DATASET EXTRACT: Begin

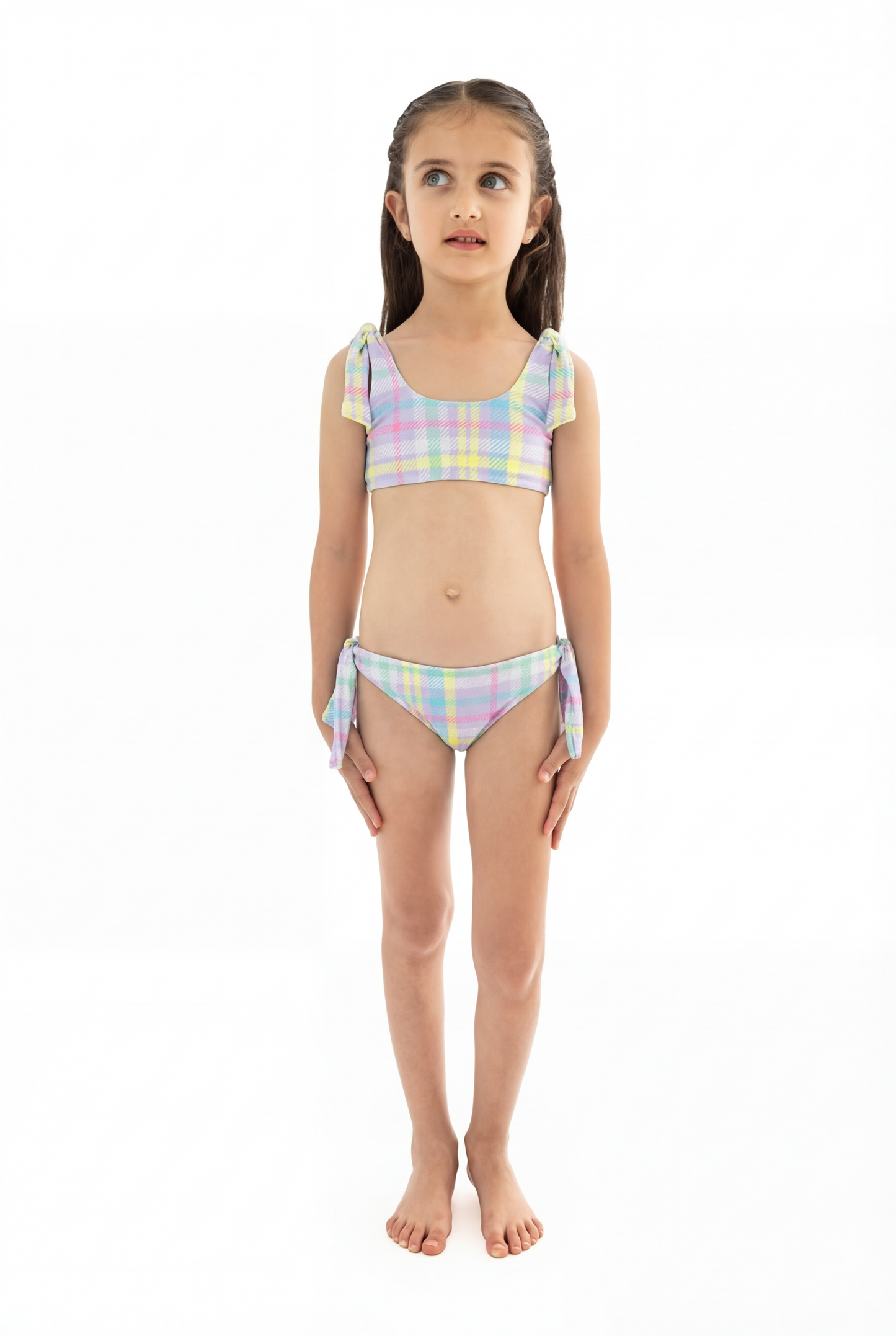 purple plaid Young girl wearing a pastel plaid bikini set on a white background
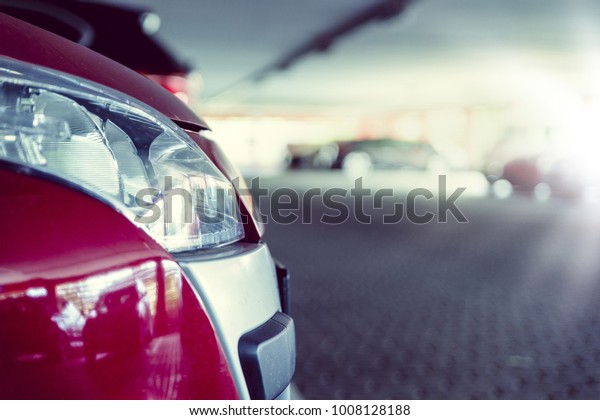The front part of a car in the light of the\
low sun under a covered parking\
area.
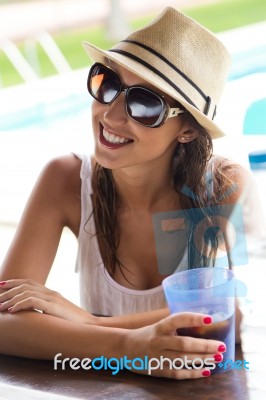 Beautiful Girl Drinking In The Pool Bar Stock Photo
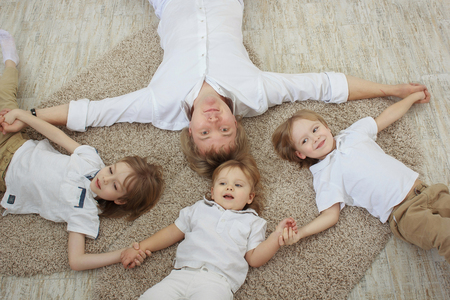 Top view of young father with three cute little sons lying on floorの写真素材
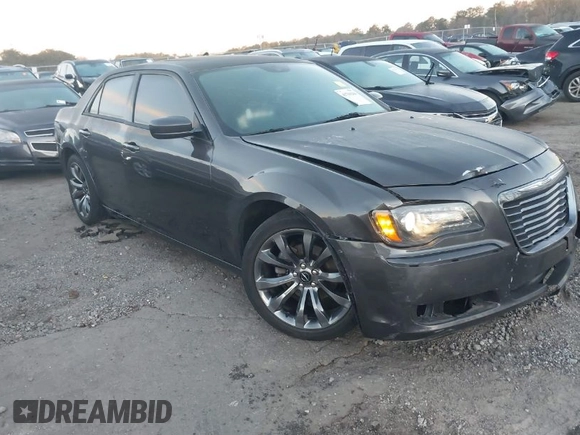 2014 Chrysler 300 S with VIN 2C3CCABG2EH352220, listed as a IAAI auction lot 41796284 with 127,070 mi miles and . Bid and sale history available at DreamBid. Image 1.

DATASET EXTRACT: End
DATASET EXTRACT: Begin

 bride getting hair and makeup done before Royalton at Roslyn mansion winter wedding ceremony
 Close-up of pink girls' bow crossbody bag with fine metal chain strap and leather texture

DATASET EXTRACT: End

* **DIRECTIONS**
The copy should hold exactly the lines above from the one with "purple plaid Young" through the one with "Top view of", both ends counted, and no pictures at all.

* **THE COMPLETED TASK**
 purple plaid Young girl wearing a pastel plaid bikini set on a white background
The front part of a car in the light of the\
low sun under a covered parking\
area.
 Beautiful Girl Drinking In The Pool Bar Stock Photo
 Top view of young father with three cute little sons lying on floorの写真素材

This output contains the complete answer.